Task brief —
Drop every image, then reproduce the data exactly as given.

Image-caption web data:
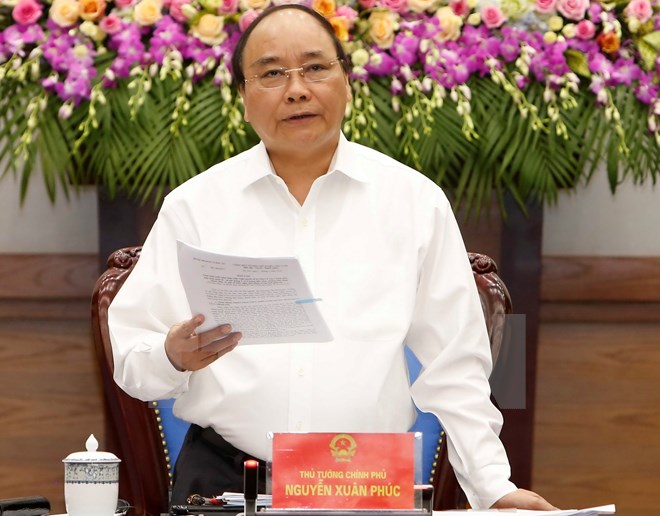 任命政府总理两位助理和机动警察司令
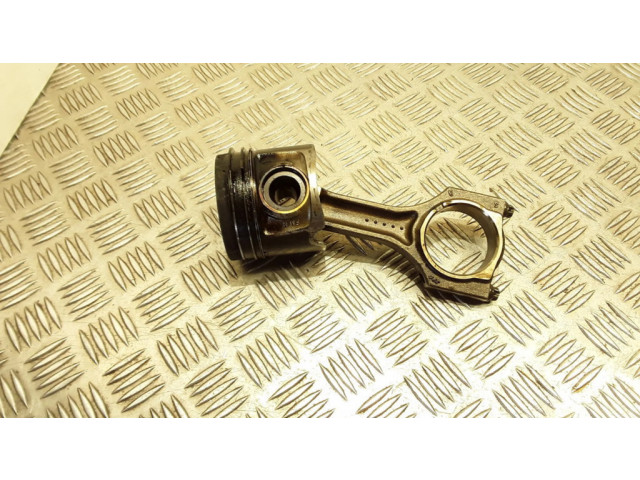 Píst 1911006052, 19B006052B BMW 7 F01 F02 F03 F04 pro naftový motor 3.0 N57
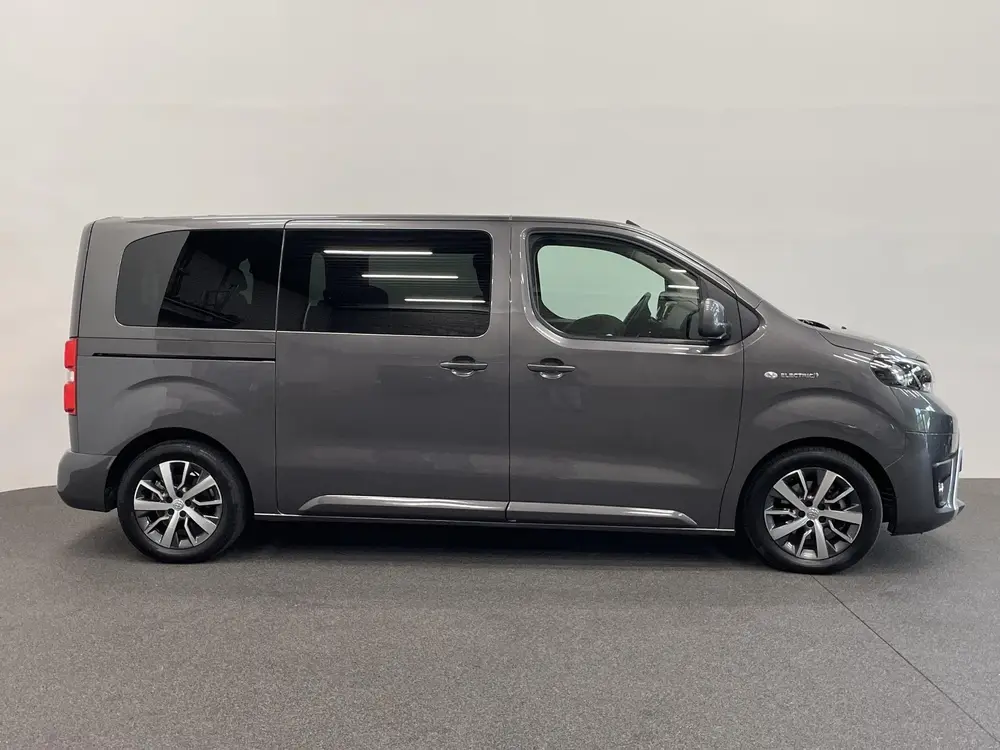 Toyota Proace Luxury L2 8persoons PERSONENBUS uit 2022, foto 5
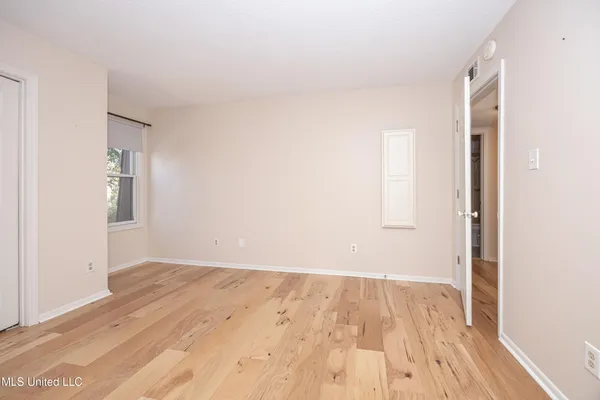 $429,000 | 527 Front Beach Drive, Unit 29, Ocean Springs, MS 39564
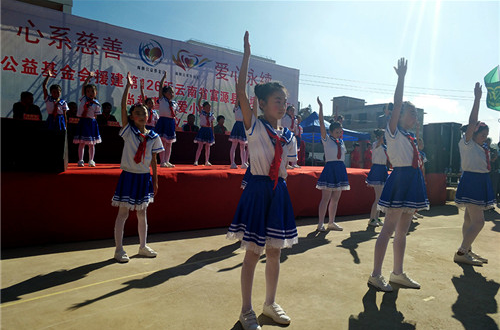 2017让爱传出去 ——第126所尚赫曹文爱小学成功揭牌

Task result —
 任命政府总理两位助理和机动警察司令
 Píst 1911006052, 19B006052B BMW 7 F01 F02 F03 F04 pro naftový motor 3.0 N57
 Toyota Proace Luxury L2 8persoons PERSONENBUS uit 2022, foto 5
 $429,000 | 527 Front Beach Drive, Unit 29, Ocean Springs, MS 39564
 2017让爱传出去 ——第126所尚赫曹文爱小学成功揭牌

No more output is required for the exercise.